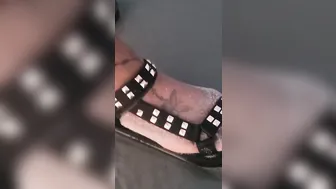 Beauty Beach Toes ***watch till the End***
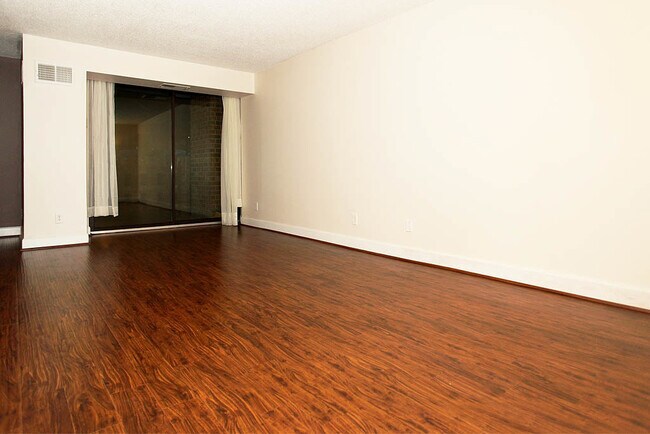 Building Photo - Large 2br/2ba - All utilities included in rent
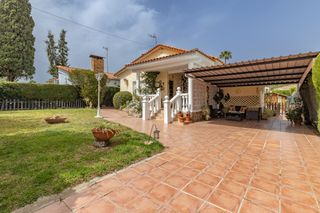 Chalet in El Carme-Sant Agustí-Bonavista. Encantador chalet en la eliana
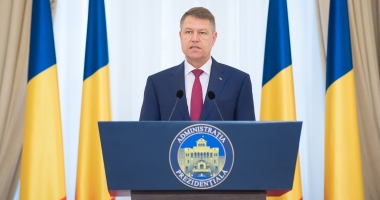 Stire din Politică-Administrație : Mircea Ionescu-Quintus, decorat de Iohannis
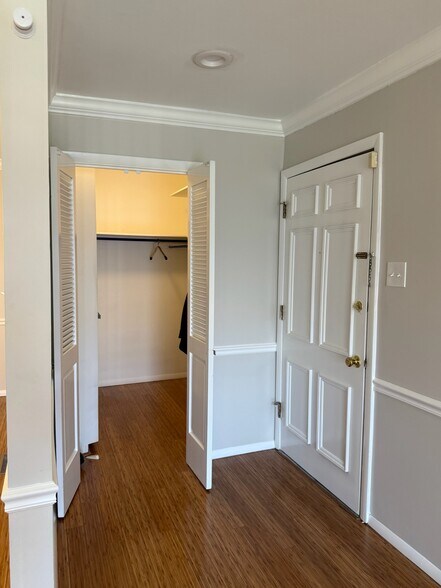 Building Photo - 10315 Forest Brook Ln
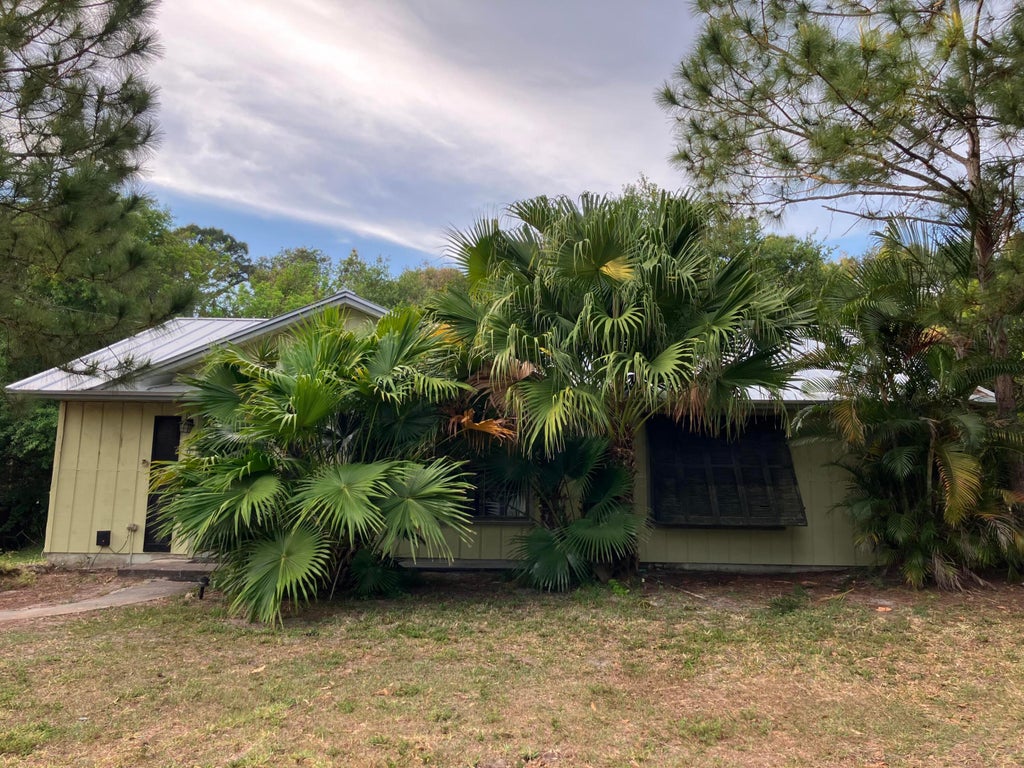 Photo of 8925 22nd Street, Vero Beach, FL 32966 (MLS # R10974770)
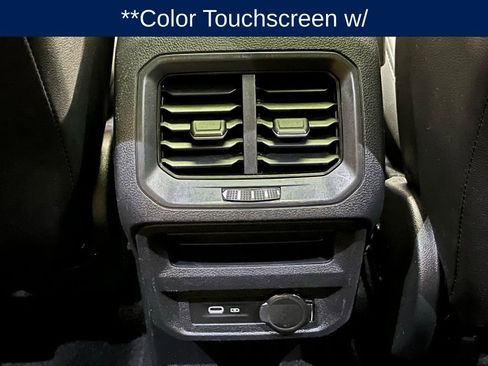 Used 2024 Volkswagen Tiguan SE w/ Panoramic Sunroof Package AWD/4WD image 11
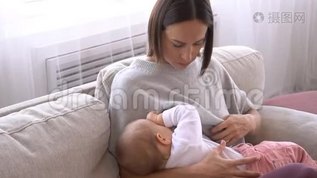 宝妈喂奶视频素材库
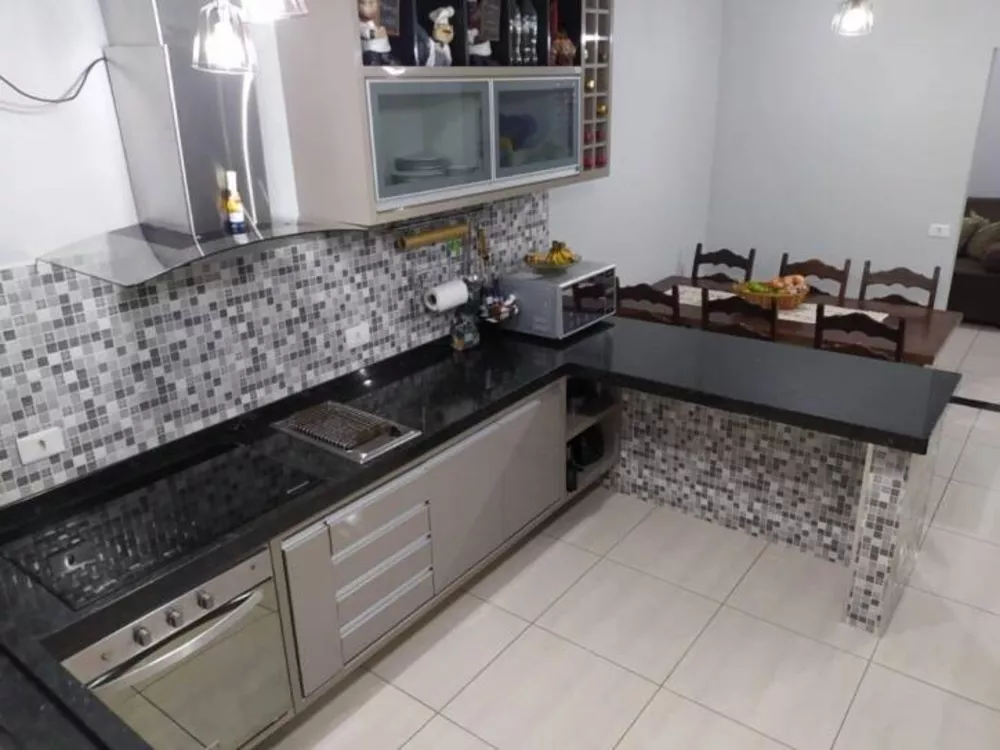 Sobrado à venda com 3 quartos, 200m² - Foto 6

○ ○ ○

Prompt
Please retype the lines from the one containing "Photo of 8925" through the last line of the records above, exactly as written, and leave out any pictures.

Answer box
 Photo of 8925 22nd Street, Vero Beach, FL 32966 (MLS # R10974770)
 Used 2024 Volkswagen Tiguan SE w/ Panoramic Sunroof Package AWD/4WD image 11
 宝妈喂奶视频素材库
 Sobrado à venda com 3 quartos, 200m² - Foto 6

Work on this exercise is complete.